:: The records ::
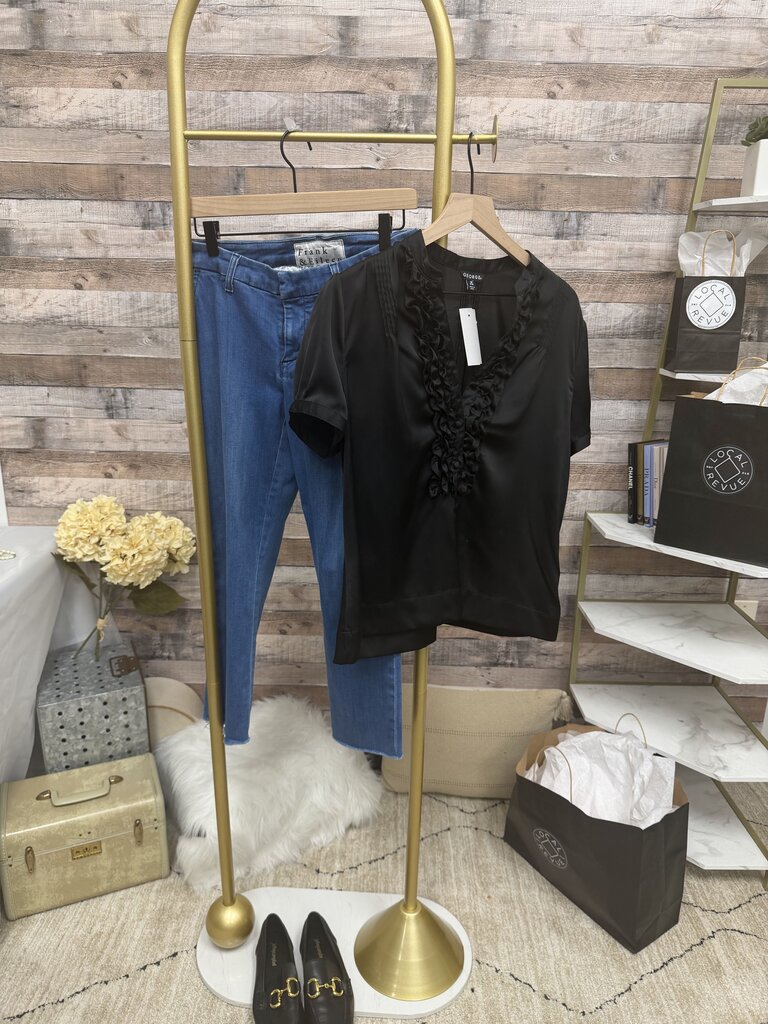 Frank & Eileen Wicklow Medium Wash Cropped Skinny Jeans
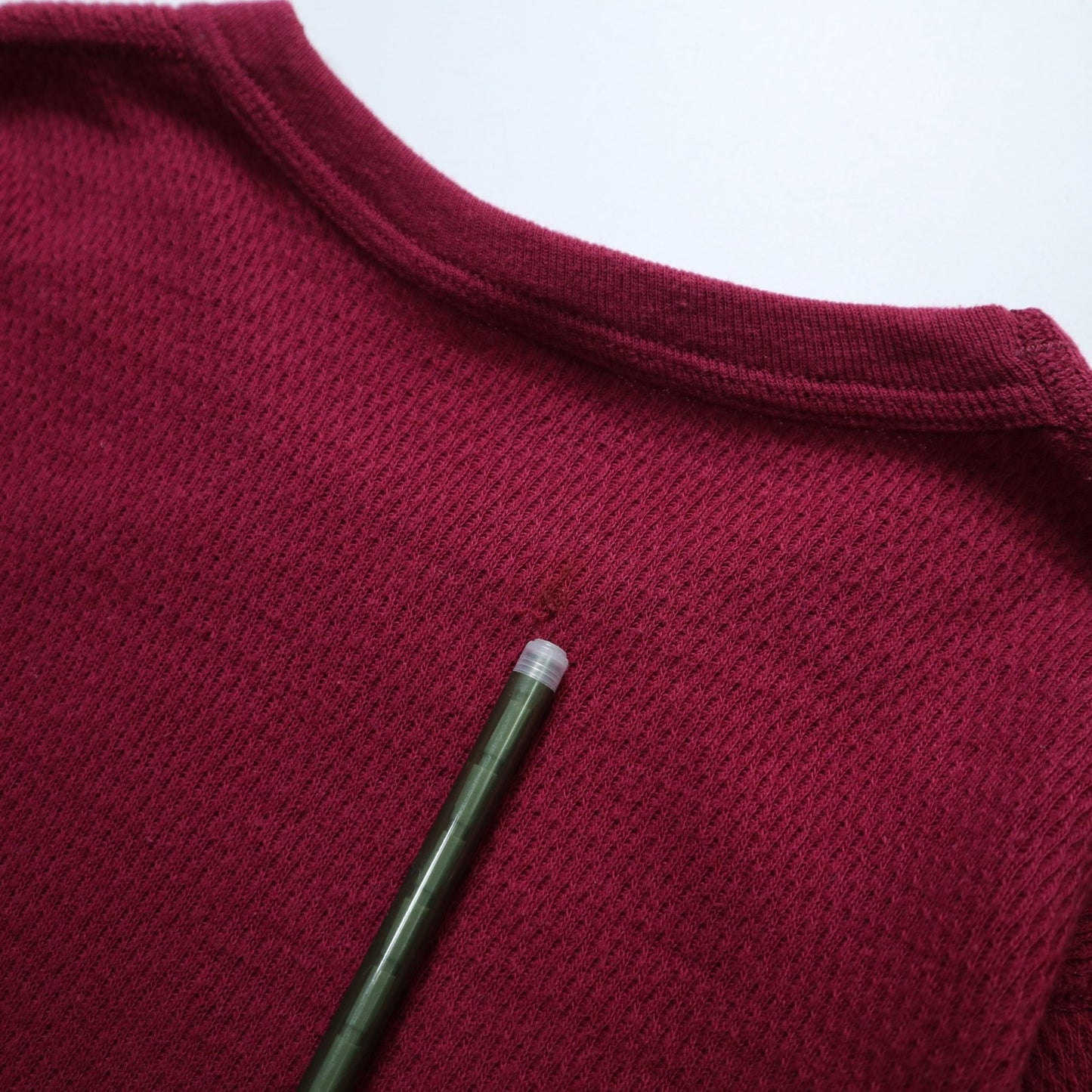 70s Hanes 美國製 酒紅色鬆餅格紋上衣 - 富士鳥古著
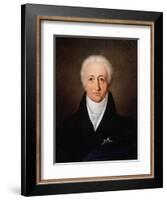 Portrait of the Author Johann Wolfgang Von Goethe, (1749-183), 1818-Ferdinand Jagemann-Framed Giclee Print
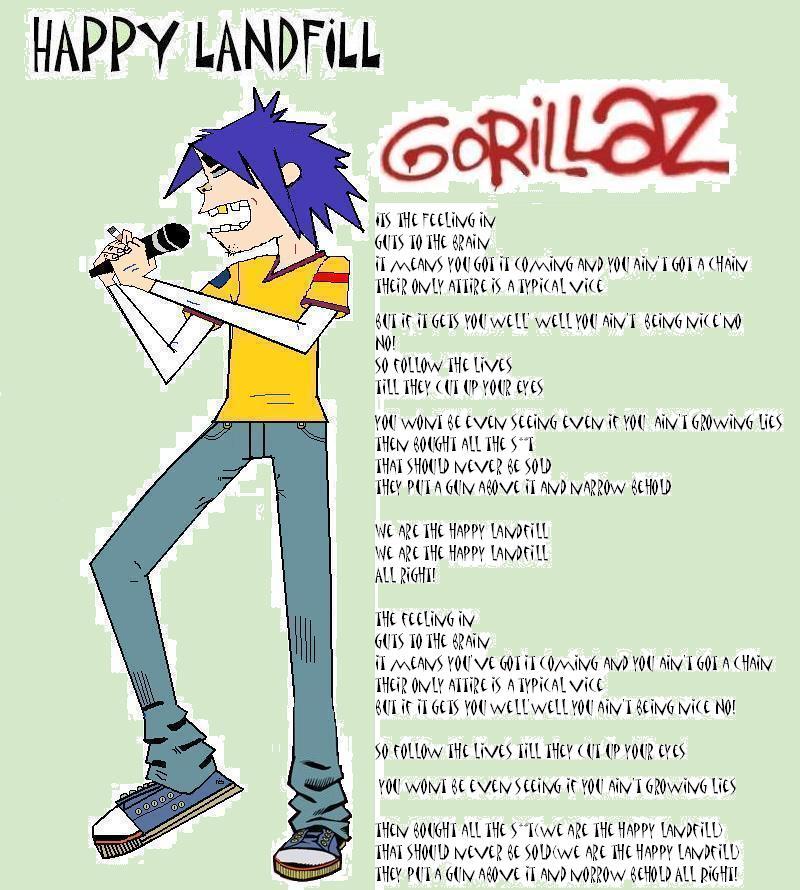 My first 2-d pic on computer by GorillazNumbr1fan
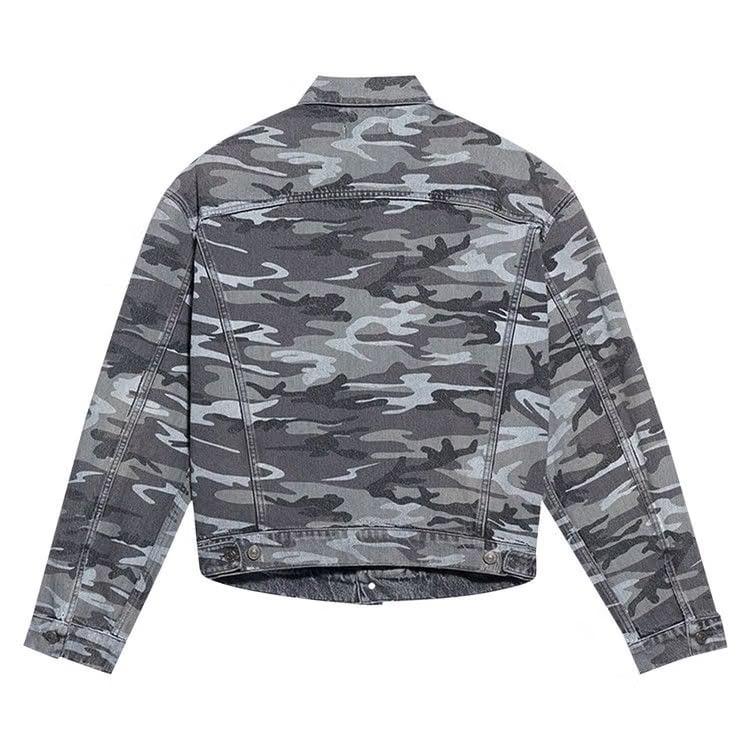 Balenciaga Large Fit Jacket Washed Black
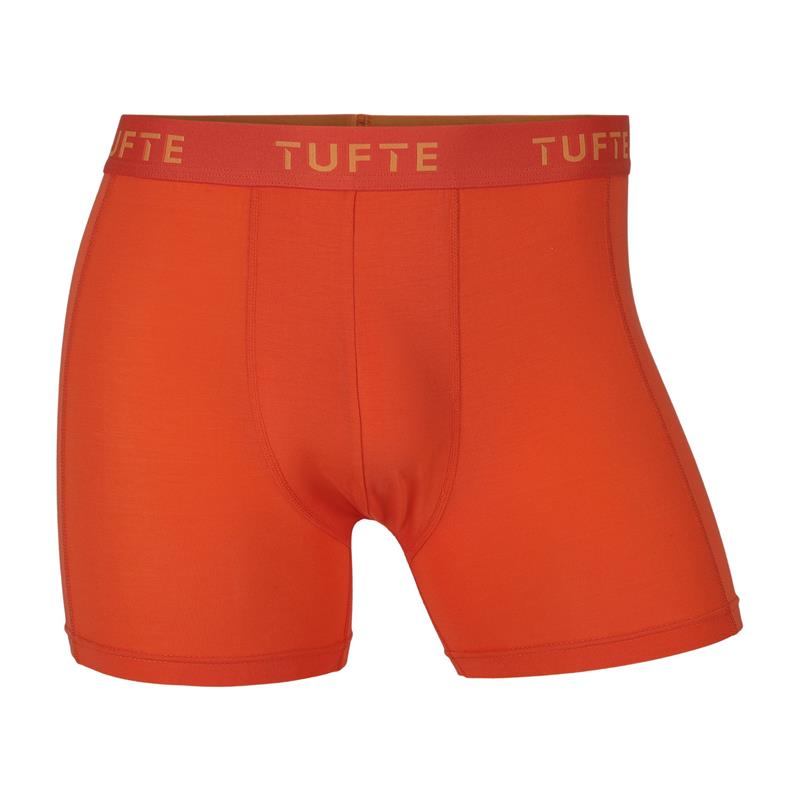 Tufte Boxer Briefs S Blazing Orange 95% bambusviskose med uslåelig mykhet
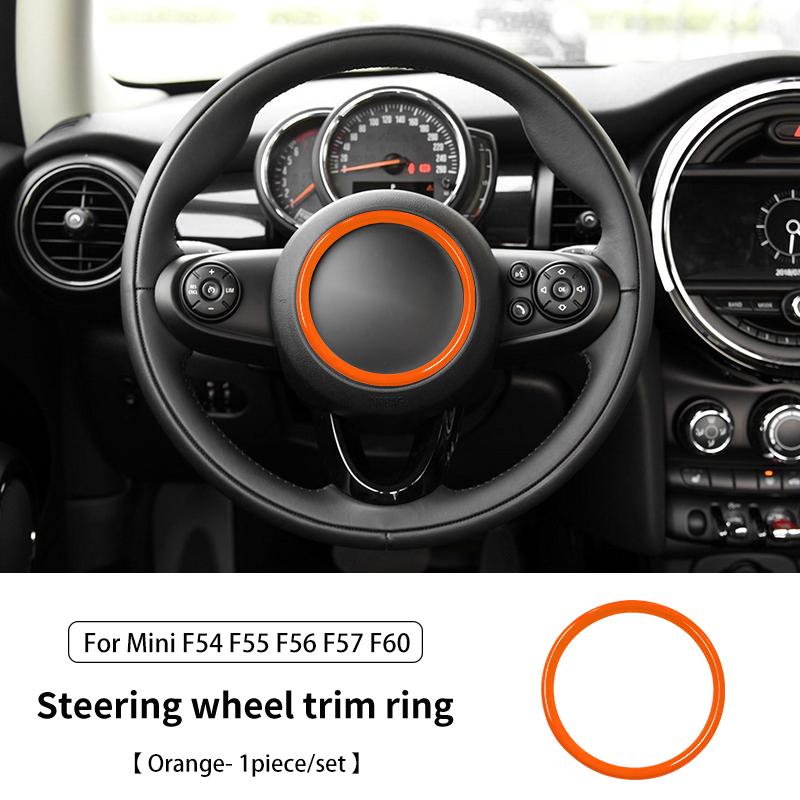 

Наклейка-кільце на центр керма автомобіля для Mini Cooper F56 F55 F57 F54 F60 Clubman Countryman Автомобільні аксесуари помаранчевий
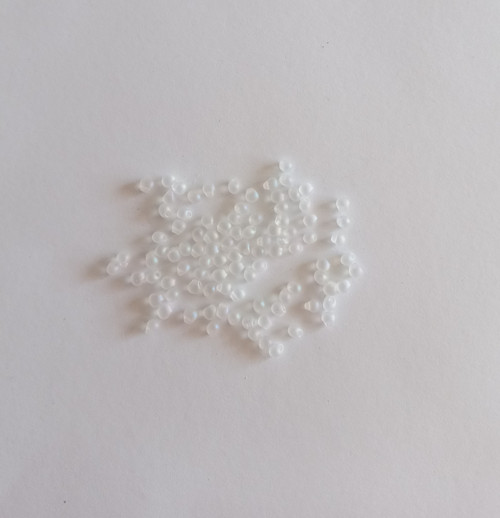 Miyuki Drop - Transparent Crystal AB 3, 4 mm — foto 2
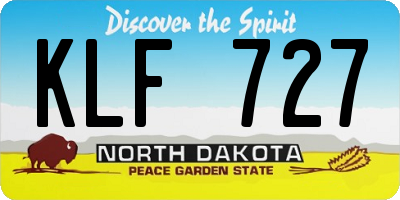 ND license plate KLF727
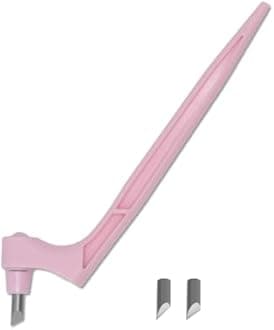 Craft Cutting Tools, 360 Degree Rotating Blades Stainless Steel Cutter Pen with 15, 30, 45 Degree Blades for DIY Crafts, Stencils, Scrapbooks-Pink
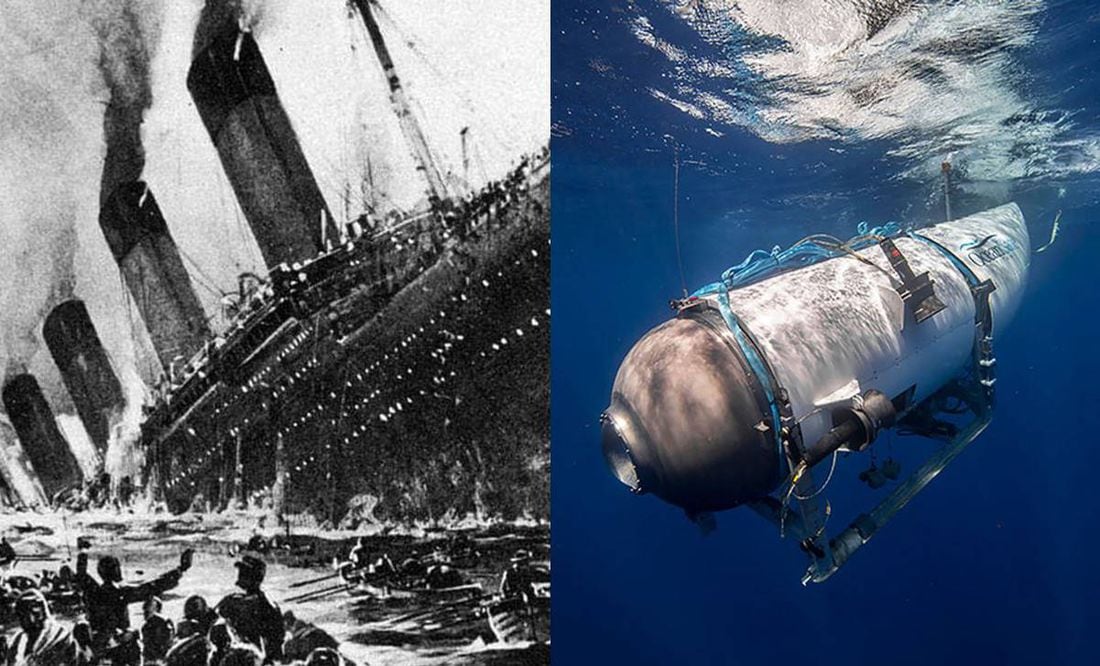 Infografía Esta Es La Profundidad A La Que Bajó El Titán Sumergible Desaparecido Rumbo Al Titanic 0294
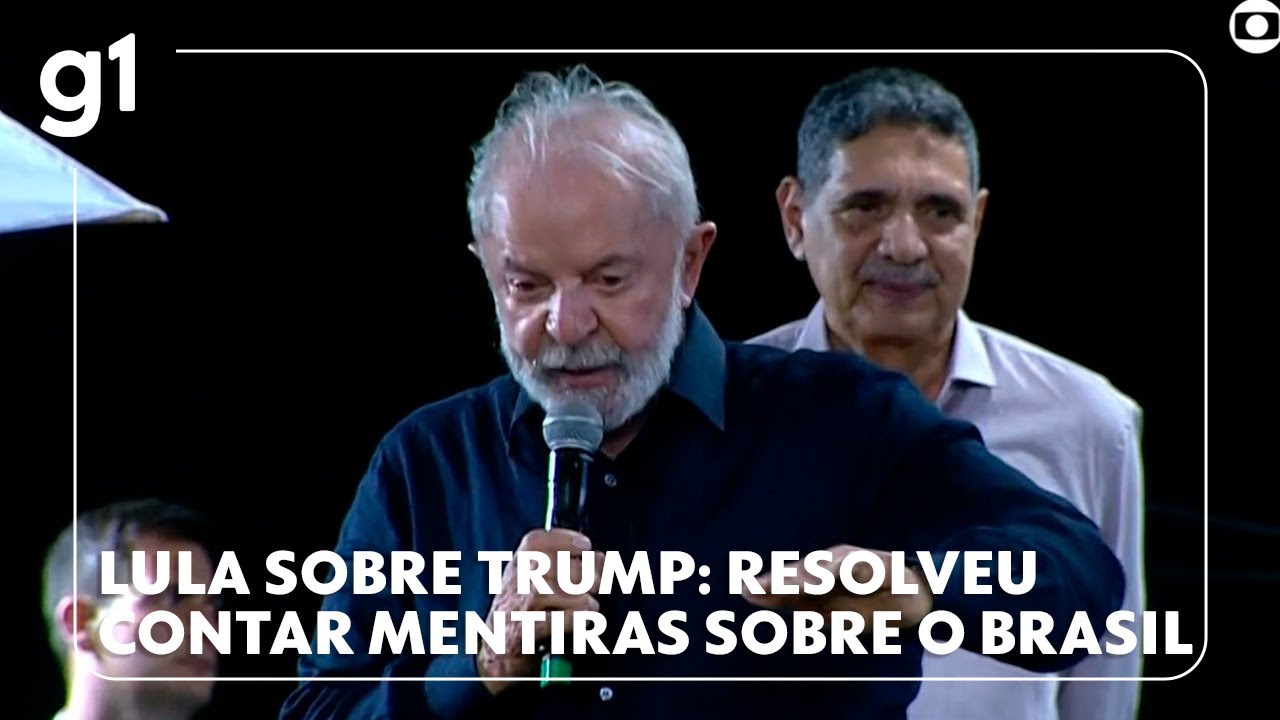 Lula diz que segue com intenção de negociar e que Trump resolveu contar mentiras sobre o Brasil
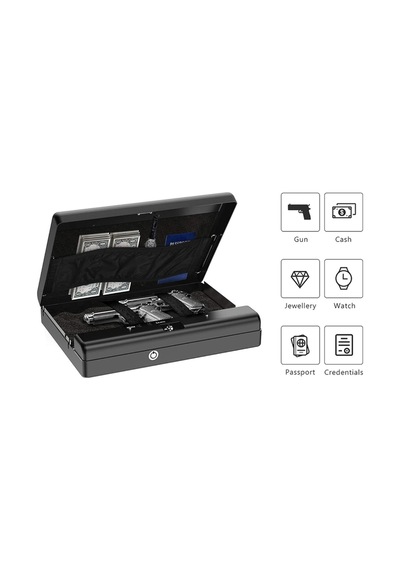 Mühlen Gunsafe 15D Dijital Şifreli Taşınabilir Çelik Silah Kasası
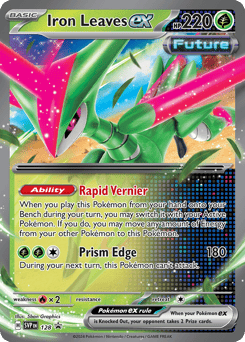 Iron Leaves ex 128 Scarlet & Violet Black Star Promos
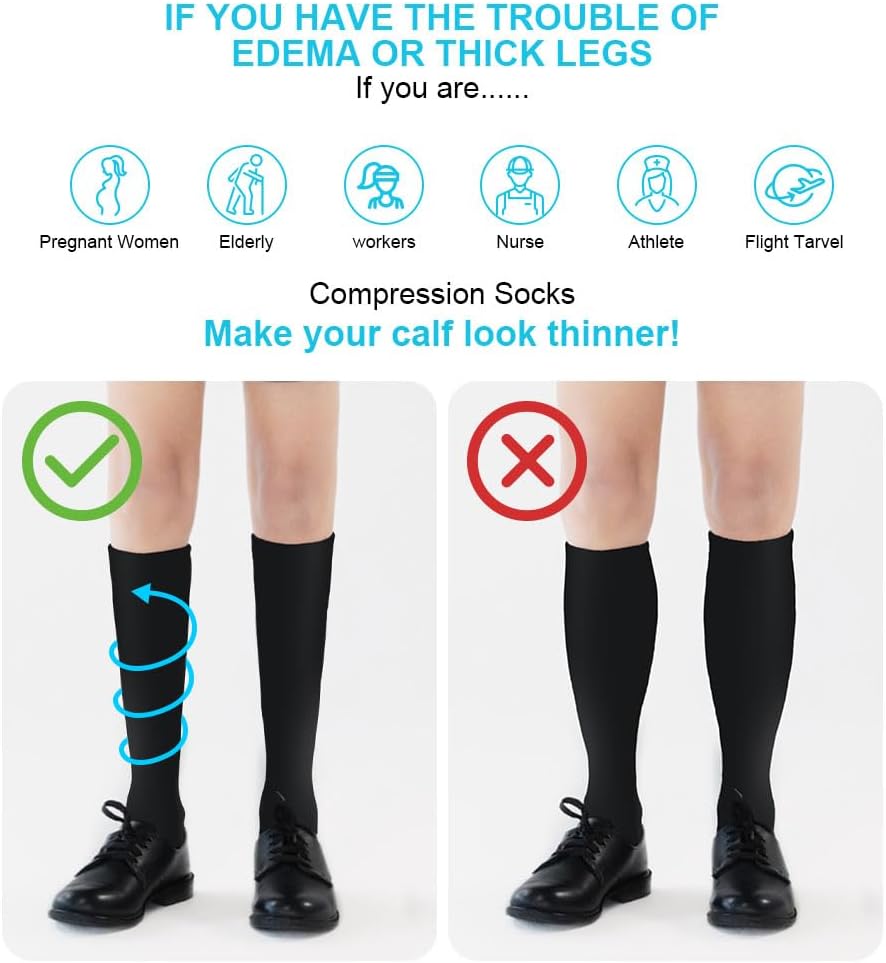 Thumbnail 2 de ACWOO Calcetines de Compresión 15–20 mmHg 2 pares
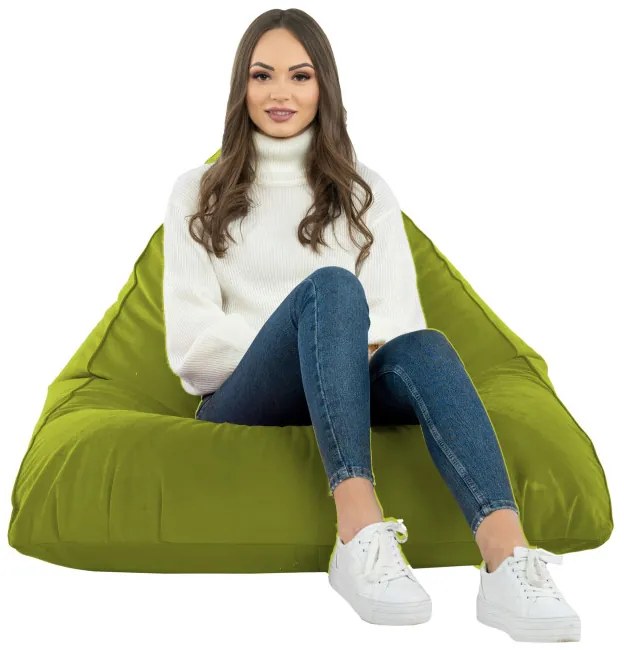 Sedací vak Bermudy SAKO zelený plyš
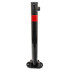 610 Black Fold Down Parking Post, Red Reflective Band (001-** K/D, 001-** KA)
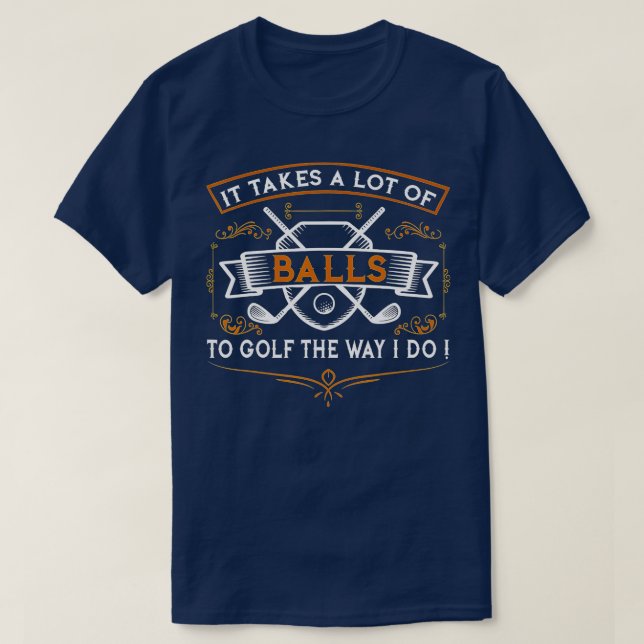 Camiseta El golf divertido hace que las bolas de Navidad se (Diseño del anverso)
:::
## Task goal
Return the material above verbatim. Pictures are to be excluded.

## Task solution
 Frank & Eileen Wicklow Medium Wash Cropped Skinny Jeans
 70s Hanes 美國製 酒紅色鬆餅格紋上衣 - 富士鳥古著
 Portrait of the Author Johann Wolfgang Von Goethe, (1749-183), 1818-Ferdinand Jagemann-Framed Giclee Print
 My first 2-d pic on computer by GorillazNumbr1fan
 Balenciaga Large Fit Jacket Washed Black
 Tufte Boxer Briefs S Blazing Orange 95% bambusviskose med uslåelig mykhet

Наклейка-кільце на центр керма автомобіля для Mini Cooper F56 F55 F57 F54 F60 Clubman Countryman Автомобільні аксесуари помаранчевий
 Miyuki Drop - Transparent Crystal AB 3, 4 mm — foto 2
 ND license plate KLF727
 Craft Cutting Tools, 360 Degree Rotating Blades Stainless Steel Cutter Pen with 15, 30, 45 Degree Blades for DIY Crafts, Stencils, Scrapbooks-Pink
 Infografía Esta Es La Profundidad A La Que Bajó El Titán Sumergible Desaparecido Rumbo Al Titanic 0294
 Lula diz que segue com intenção de negociar e que Trump resolveu contar mentiras sobre o Brasil
 Mühlen Gunsafe 15D Dijital Şifreli Taşınabilir Çelik Silah Kasası
 Iron Leaves ex 128 Scarlet & Violet Black Star Promos
 Thumbnail 2 de ACWOO Calcetines de Compresión 15–20 mmHg 2 pares
 Sedací vak Bermudy SAKO zelený plyš
 610 Black Fold Down Parking Post, Red Reflective Band (001-** K/D, 001-** KA)
 Camiseta El golf divertido hace que las bolas de Navidad se (Diseño del anverso)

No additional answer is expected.